Published online 2013 January 25. doi: 10.1051/medsci/2013291004.

Vers des bisphénols sans effets hormonaux

Patrick Balaguer,1 Vanessa Delfosse,2 Marina Grimaldi,1 and William Bourguet2*

1Institut de recherche en cancérologie de Montpellier, Inserm U896, Centre régional de lutte contre le cancer Val d’Aurelle Paul Lamarque, Université Montpellier 1, 34298Montpellier,  France
2Centre de biochimie structurale, Inserm U1054, CNRS UMR 5048, Universités Montpellier 1 et 2, 29, rue de Navacelles, 34090Montpellier, France
Corresponding author.

MeSH keywords: Animaux, Composés benzhydryliques, composition chimique, métabolisme, pharmacologie, Récepteur alpha des oestrogènes, effets des médicaments et des substances chimiques, Récepteur bêta des oestrogènes, Oestrogènes nonstéroïdiens, Humains, Modèles moléculaires, Phénols, Récepteurs des oestrogènes

 

Très présent dans notre environnement domestique, le bisphénol A (BPA) est suspecté d’induire des effets hormonaux chez l’homme. Les interdictions effectives ou à venir frappant la production et la commercialisation d’objets à usage alimentaire contenant du BPA incitent les industriels du plastique à développer des molécules de substitution. Des résultats récents décrivant pour la première fois le mode d’action des bisphénols à l’échelle atomique devraient permettre la synthèse de nouveaux composés conservant leurs caractéristiques industrielles, mais dénués de propriétés hormonales.

Le bisphénol A

Les bisphénols (Figure 1A) forment une grande famille de composés chimiques utilisés dans la fabrication de nombreux produits de consommation courante. Produit à plus de trois millions de tonnes par an, le BPA entre dans la composition des plastiques et des résines. Il est utilisé par exemple dans la fabrication de récipients alimentaires et d’emballages. On le trouve également dans les films de protection à l’intérieur des canettes et des boîtes de conserve, ou encore sur les tickets de caisse où il est utilisé comme révélateur. De nombreuses applications industrielles font appel à d’autres bisphénols tels que le bisphénol AF (BPAF) pour la fabrication de membranes perméables aux gaz ou encore le bisphénol C (BPC) dans l’élaboration de polymères résistants au feu. De nombreuses études ont montré que le BPA induit des effets néfastes sur la reproduction, le développement et le métabolisme d’animaux de laboratoires [ 1], et ce composé est fortement suspecté d’avoir les mêmes conséquences chez l’homme [ 2]. Des analyses épidémiologiques suggèrent ainsi que l’exposition au BPA pourrait augmenter l’incidence de l’obésité [ 3]. Par ailleurs, des taux significatifs de BPA ont été mesurés dans le sang, les urines et le placenta humains. La source majeure d’exposition semble être la nourriture contaminée par des molécules de BPA libérées des contenants alimentaires [ 4], mais une étude récente a montré que le BPA pouvait aussi être absorbé par la peau [ 5]. En conséquence, la fabrication et la commercialisation des biberons produits à base de BPA sont interdites depuis janvier 2011 en France, et cette interdiction sera étendue au 1er juillet 2015 à tout autre conditionnement, contenant ou ustensile à usage alimentaire.

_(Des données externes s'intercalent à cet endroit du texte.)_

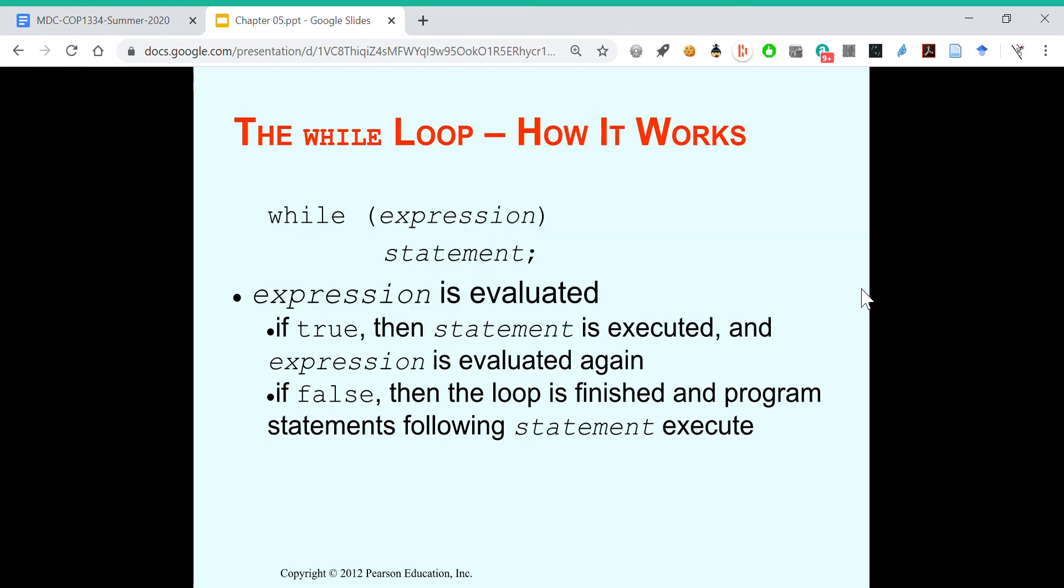How does it work? First, the expression is evaluated. If it goes to true, then you run the statement. Check the expression again. If the expression is true, then you run the statement. Once you get to false for the expression, then your loop is finished, and it doesn't continue anymore. And program statements following the statement execute.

Pourquoi le BPA est-il toxique ?

Les bisphénols sont considérés comme des perturbateurs endocriniens capables d’activer certains récepteurs cellulaires en mimant l’action d’hormones naturelles [ 6], principalement le 17β-estradiol (E2) qui est le ligand physiologique des récepteurs des œstrogènes ERα et ERβ. L’interaction de E2 avec ERα et ERβ induit la transcription de gènes importants pour la croissance et la maintenance de nombreux tissus, tels que la glande mammaire, l’utérus, les os, le système cardiovasculaire ou encore le système nerveux central. En se substituant à E2, les bisphénols se comportent comme des leurres hormonaux capables d’activer les récepteurs de manière non contrôlée. L’utilisation de lignées cellulaires, telles que MCF-7 (cancer du sein) ou HeLa (cancer du col de l’utérus), a permis de mettre en évidence le caractère agoniste partiel des bisphénols A, AF et C [ 7]. Ces composés sont, par exemple, capables d’activer de façon complète la croissance cellulaire dans la lignée MCF-7 mais, contrairement à l’hormone naturelle, ils n’activent que partiellement l’expression de la luciférase placée sous le contrôle d’un promoteur œstrogénique dans la lignée HeLa. L’utilisation de récepteurs mutés a permis de montrer que les régions des récepteurs activées par la liaison des bisphénols diffèrent de celles activées par E2. Comme les autres membres de la famille des récepteurs nucléaires d’hormones, ERα et ERβ possèdent deux fonctions d’activation transcriptionnelle : une localisée dans la région amino-terminale (AF-1), l’autre située au niveau du domaine carboxy-terminal (AF-2) qui contient également le domaine de liaison à l’hormone. Contrairement à E2, les bisphénols activent peu (BPA) ou pas du tout (BPC) la fonction AF-2, leur activité étant essentiellement portée par la fonction AF-1 [7]. L’ensemble de ces résultats cellulaires suggèrent que les bisphénols pourraient ne pas reproduire tous les effets de E2 dans les différents tissus ciblés et soulignent l’importance du choix des tests biologiques dans l’évaluation de l’activité hormonale des bisphénols.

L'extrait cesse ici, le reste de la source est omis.